I remember an indomitable spirit when I was 8 and prancing around in the forest or at a campground somewhere. Something that would overtake me, and that gave everything a smell and taste and feel of something really special always about to happen.
I wonder if 8 year old's still feel that way.
I wonder if 8 year old's still go around mesmerized by the puzzle-piece-butterscotch of some ponderosa pines: go around walking just to find and smell the candy bark. Or pulling down Usnea and chewing it, and thinking about how in my mouth is a symbiosis of an algae and a fungus.
Or like talking to the birds.
Do 8 year old's still talk to the birds?
Do they still understand that solving the worlds problems are simple? And that money is less important than love? Do they still feel themselves connected to a force that is enormous and benevolent, and that joins things together productively because joining together is correct?
Do we still talk to kids about how magic is as real?
As real as anything? Do we tell them that magic lives in the spirit of everything together? Do we share that magic with them by showing them the way that the fern fiddle unfolds? Or by showing them how the mud frogs hide and sleep, or how the green knows where the light is.
Miniature natural algorithms like Buddhist koans. Do 8 year old's still have a sense of the infinite?
It's been a while since I got to hang out with my nephews, who are right around that age, and I have friends with kids who I have not seen in ages. If the news is any indication, it honestly makes me wonder if a kid that age can get away with talking to caterpillars without having to go on Ridelin or confess to some sort of a neurological malfunction that the pharmacies can heal.

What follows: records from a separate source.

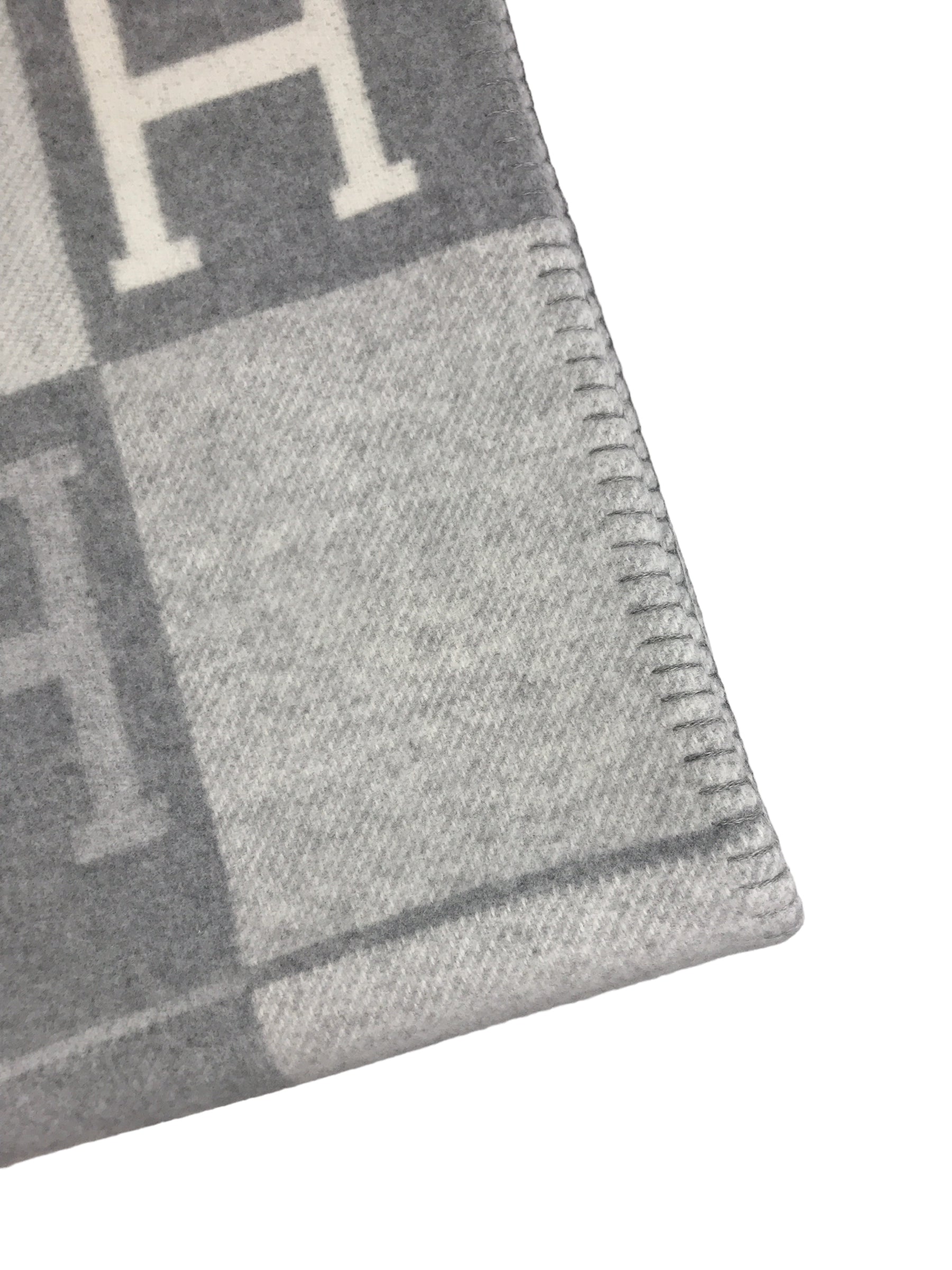 Ecru/Gris Clair Avalon III Throw Blanket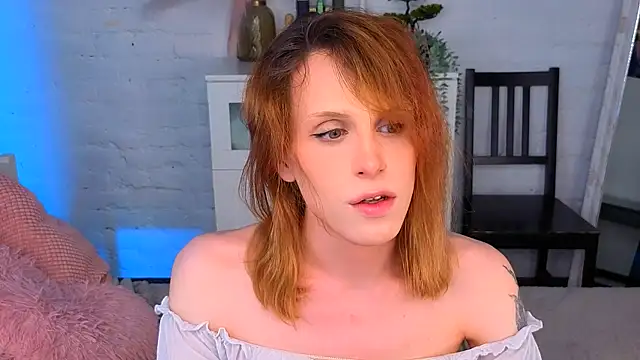 Snapshot of _yourFoxy_ chatting on July 2, 1:28 pm yourFoxy online show from July 2, 1:28 pm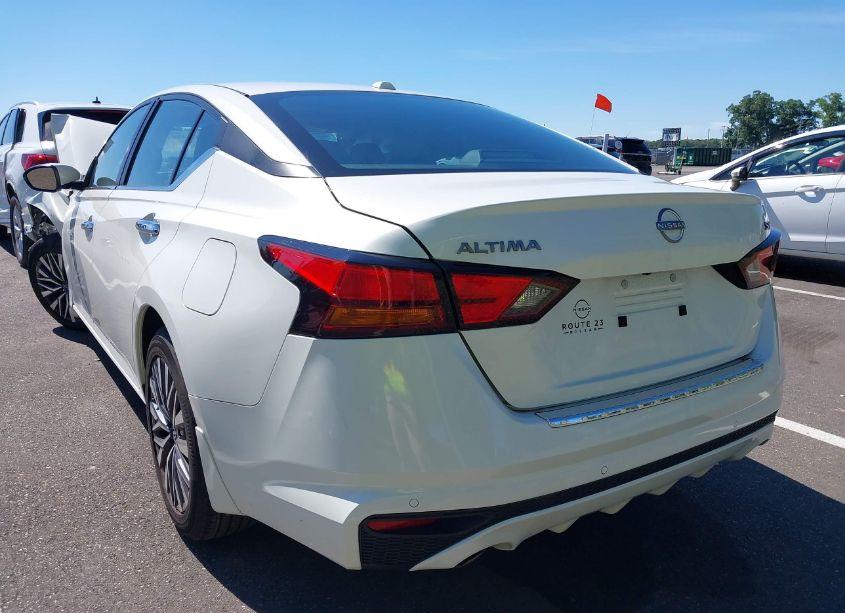 Photo 3 of 2023 Nissan Altima SV FWD (VIN 1N4BL4DV2PN300008)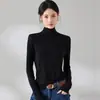 Camisa básica feminina de lã mista com gola alta, fina, justa ao corpo, macia e agradável à pele, de manga longa, para o outono de 2026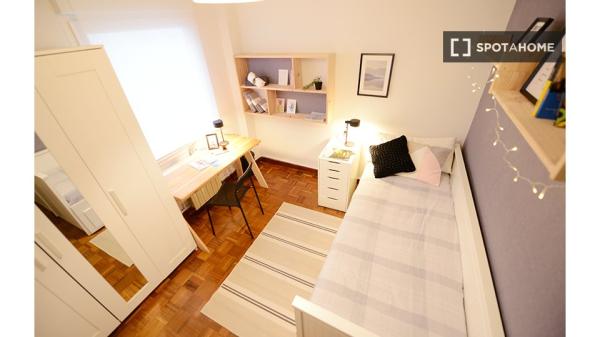 Chambre à louer dans un appartement de 4 chambres à Ametzola, Bilbao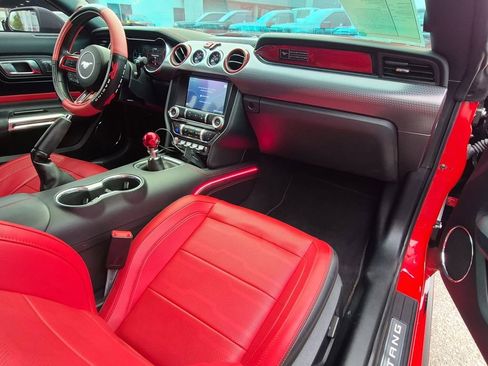 Used 2020 Ford Mustang GT Premium w/ GT Performance Package RWD image 9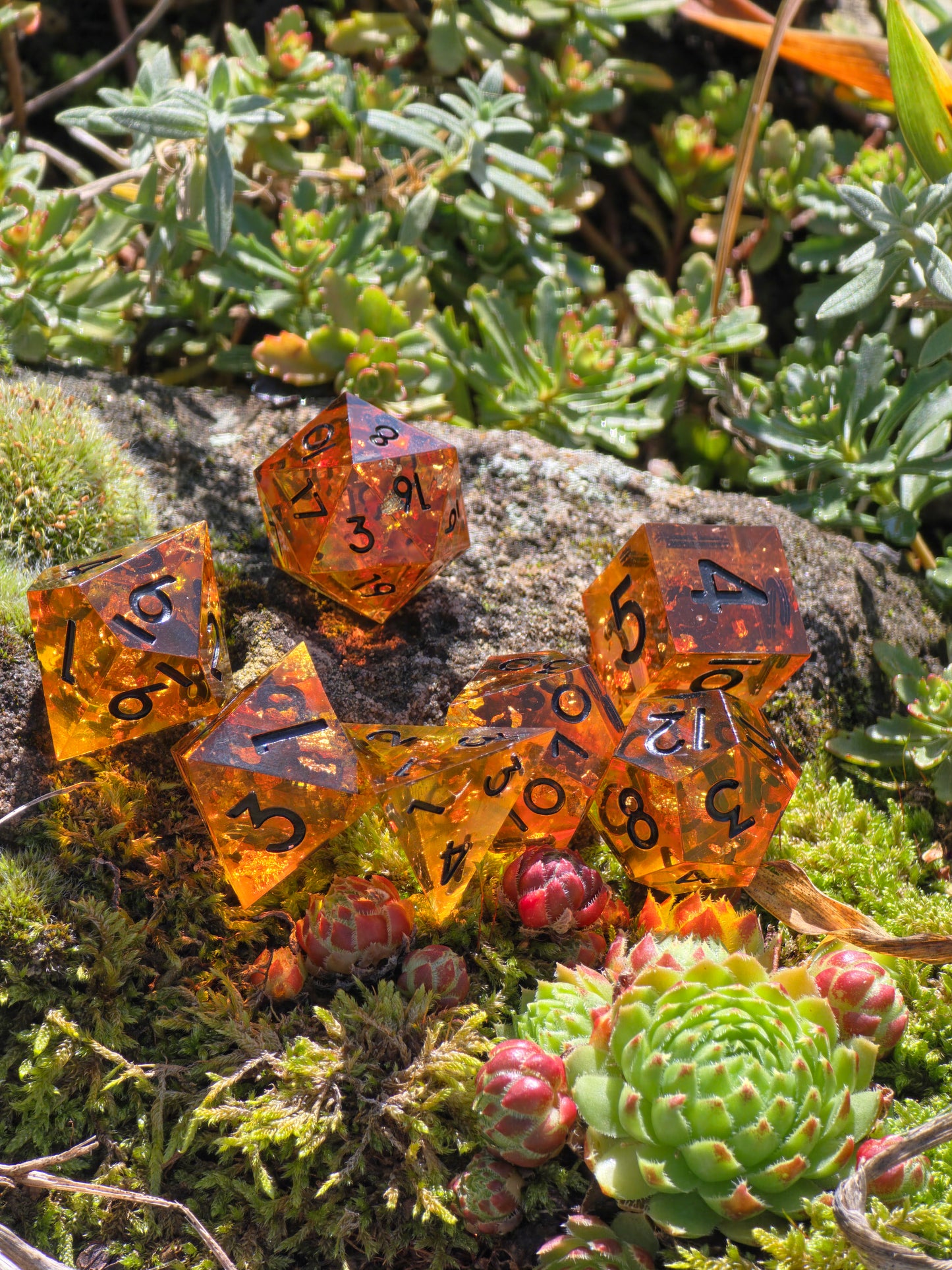 Polyedrisches DnD-Würfelset 7 Stück – Amber Glow Dice Set | Handgemachte Resin Würfel in Gold Orange Transparent mit Bernstein-Stil | TTRPG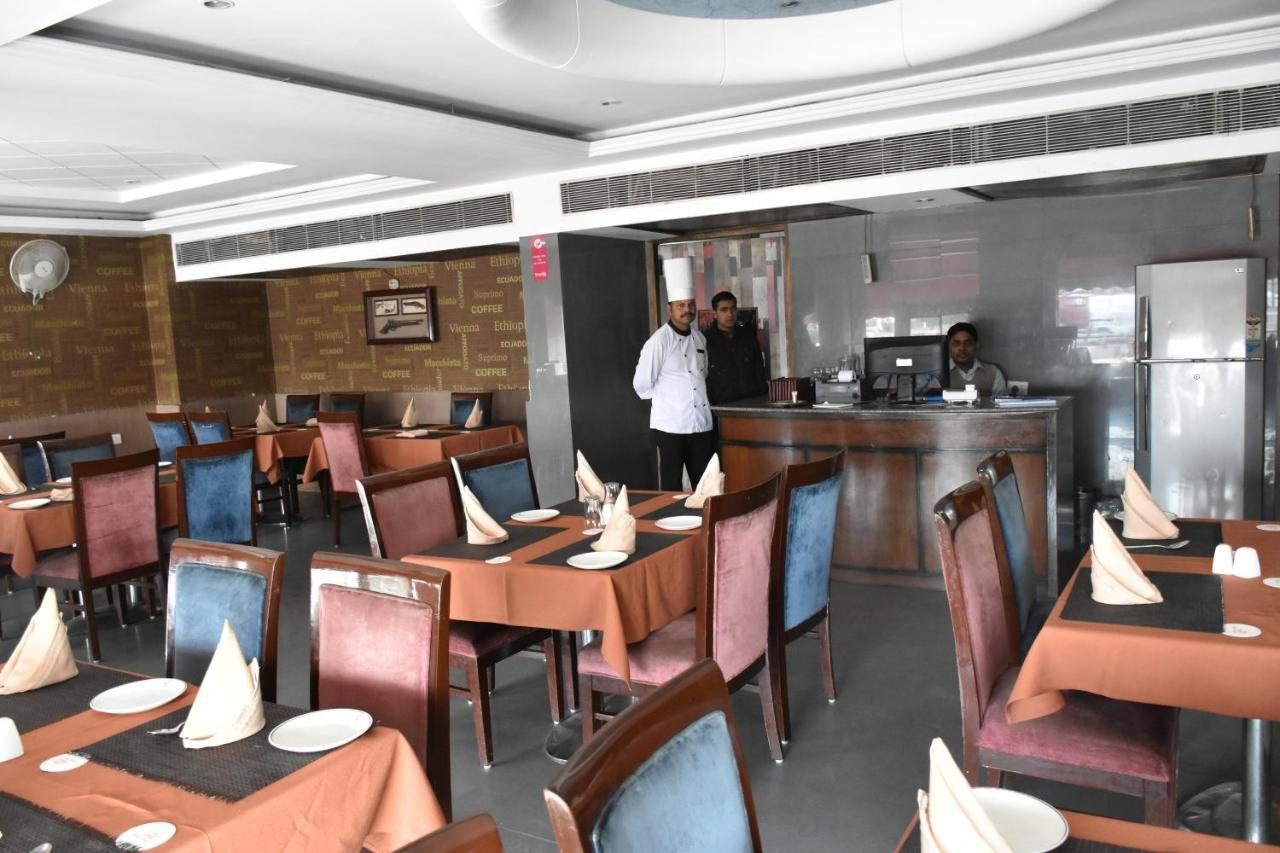 Hotel Lohias Delhi Airport ニューデリー エクステリア 写真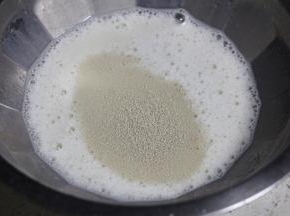 第一款： 1.牛奶➕酵母混合后放3分钟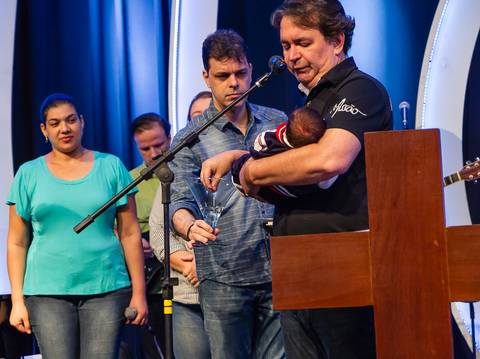 Pastor Simonton ungindo Criança na Igreja Missão Praia da Costa pelo fotógrafo Douglas Maia'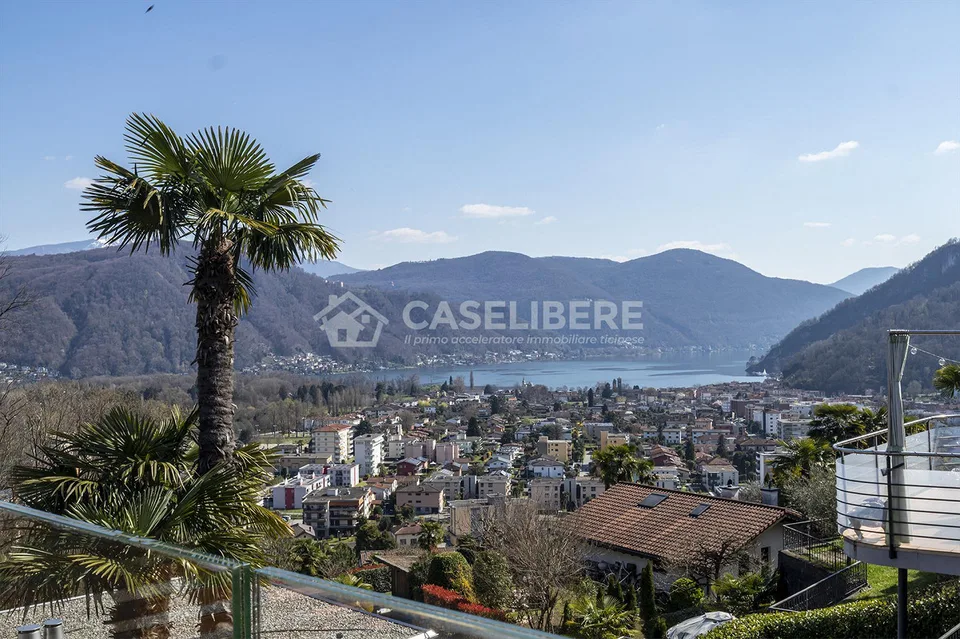 MERVEILLEUX PENTHOUSE AVEC VUE SUR LE LAC À PURA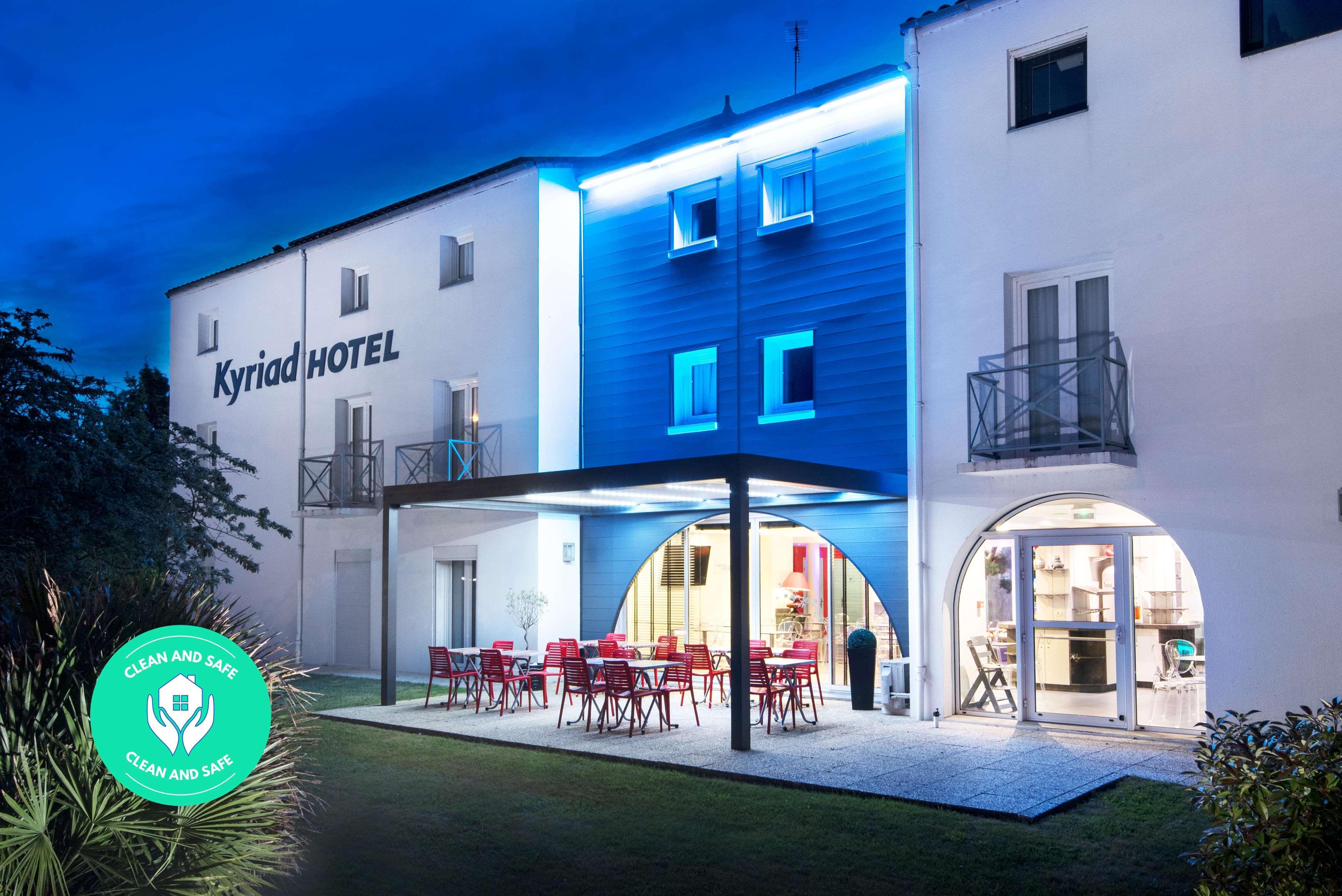 Hotel Kyriad La Rochelle Centre Ville Екстериор снимка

I think, in essence, I would frame these quandaries as a series of hopes, and wishes, and maybe even prayers.
That if you know the answer to any of these questions, I wish for you and hope you have the presence of mind to feel it as an occasion worthy of being thankful.
For those who do not know the answer - a wish for the sense to understand the fact that you do not know as something to be corrected, and have the courage to seek out young people.
For the younger people, a prayer of hope that 8 year old's are still generally connected to the kinds of mysteries that I was thankfully present to at that age, and that they still feel like they can heal the world with a single word and still feel it a worthy endeavor to try.
And finally, a sense of hope for all of us together - least we forget ourselves.